### Exercise description
Exclude pictures; retype the lines below from the line containing "Taza De Café" through the end of the records, both ends kept.

### Dataset entries
------------------------------------
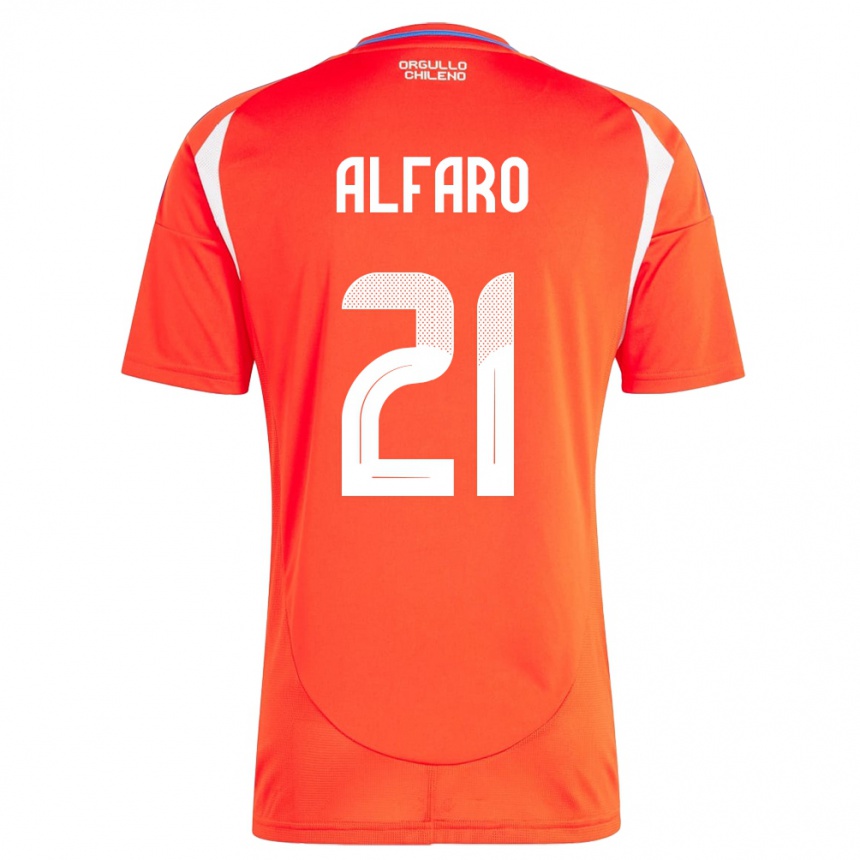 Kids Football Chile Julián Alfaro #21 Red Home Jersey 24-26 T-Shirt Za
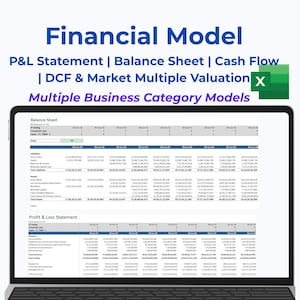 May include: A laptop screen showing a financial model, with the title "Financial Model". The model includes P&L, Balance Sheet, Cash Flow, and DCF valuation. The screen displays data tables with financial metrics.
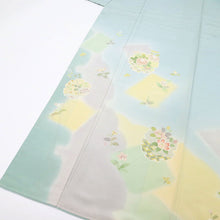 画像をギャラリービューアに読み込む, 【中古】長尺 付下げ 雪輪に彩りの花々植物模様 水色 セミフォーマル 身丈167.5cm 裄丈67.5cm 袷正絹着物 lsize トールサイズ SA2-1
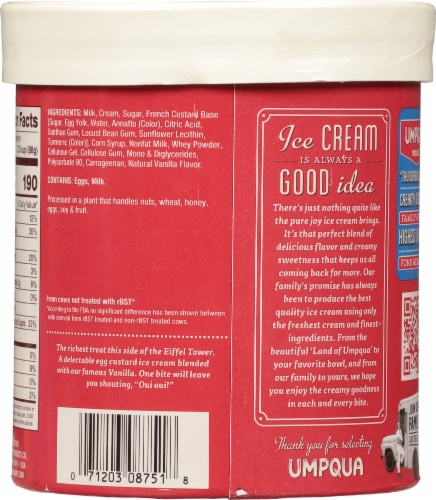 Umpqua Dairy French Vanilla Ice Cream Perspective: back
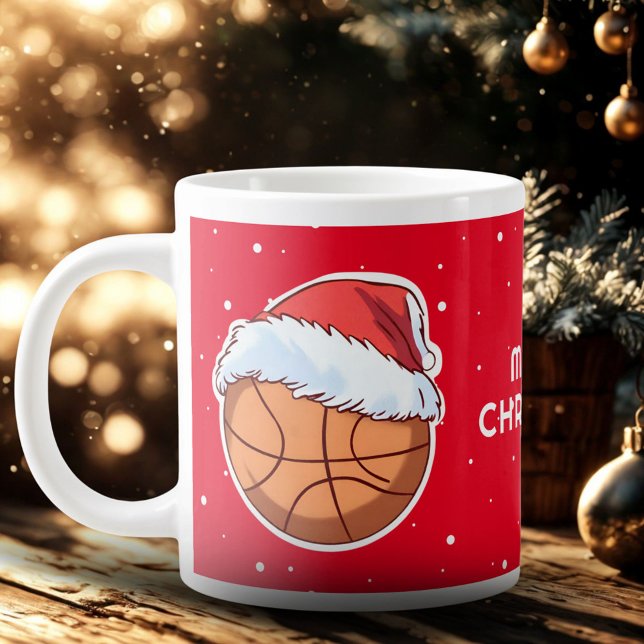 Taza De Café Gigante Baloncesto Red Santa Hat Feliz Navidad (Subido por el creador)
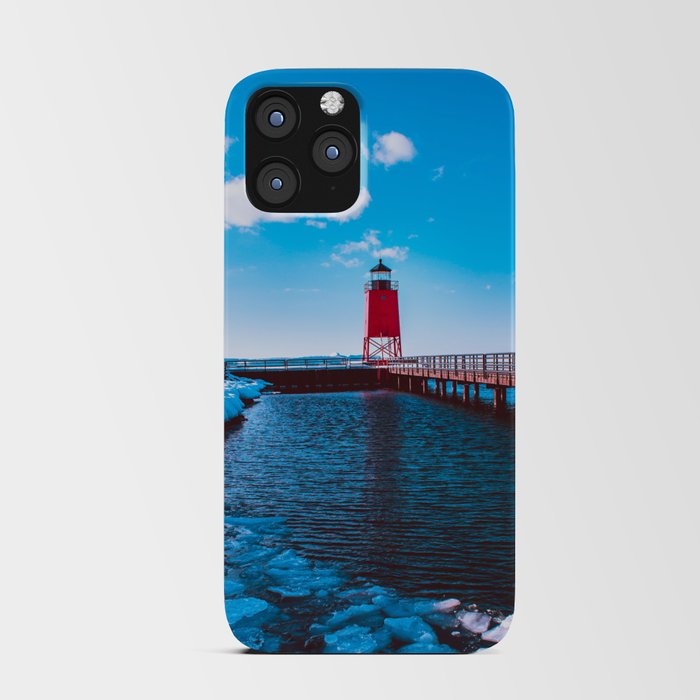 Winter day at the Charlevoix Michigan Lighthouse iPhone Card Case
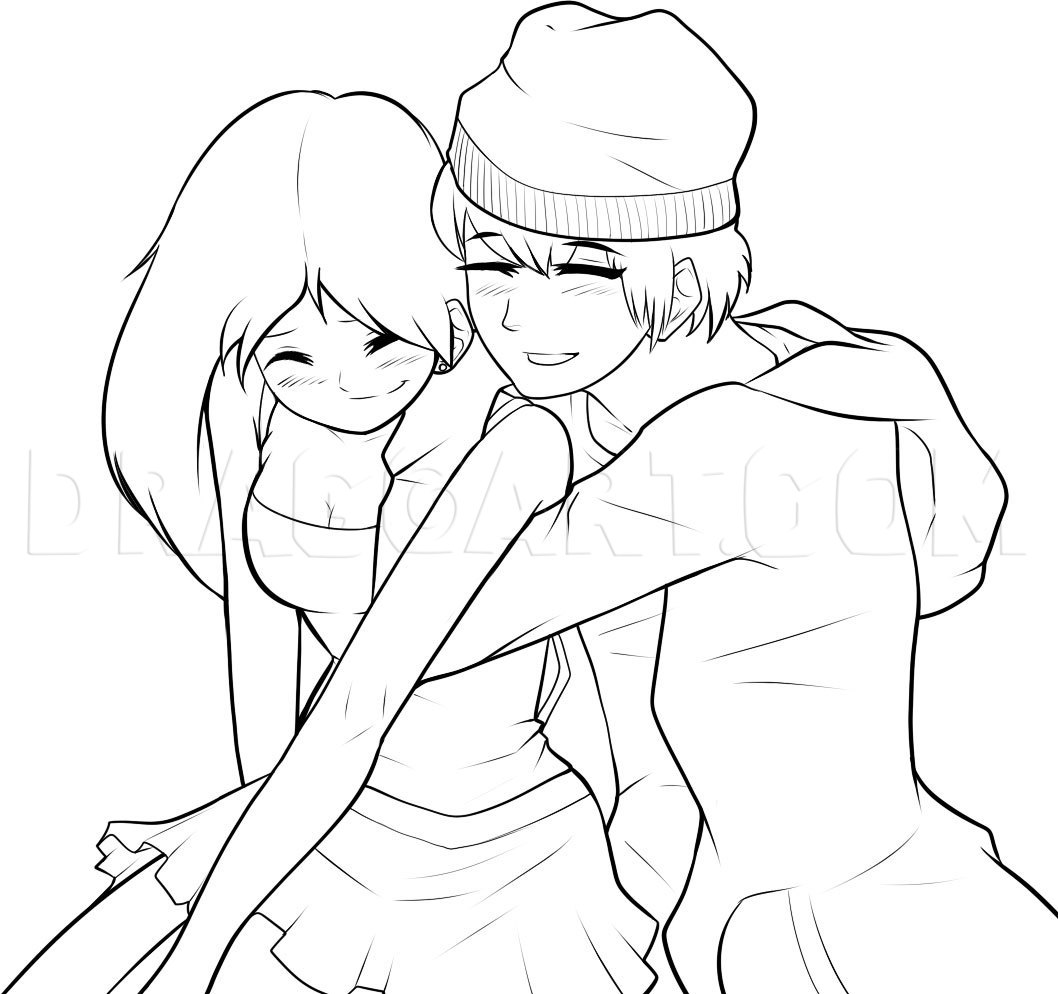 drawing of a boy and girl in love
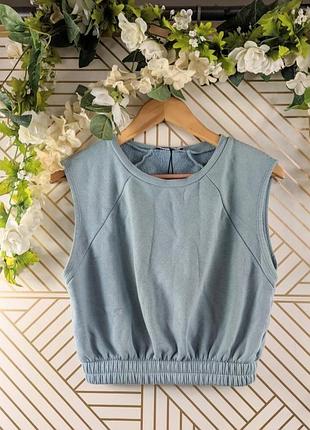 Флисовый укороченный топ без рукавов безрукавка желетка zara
------------------------------------
### Task output
 Taza De Café Gigante Baloncesto Red Santa Hat Feliz Navidad (Subido por el creador)
 Winter day at the Charlevoix Michigan Lighthouse iPhone Card Case
 drawing of a boy and girl in love
 Флисовый укороченный топ без рукавов безрукавка желетка zara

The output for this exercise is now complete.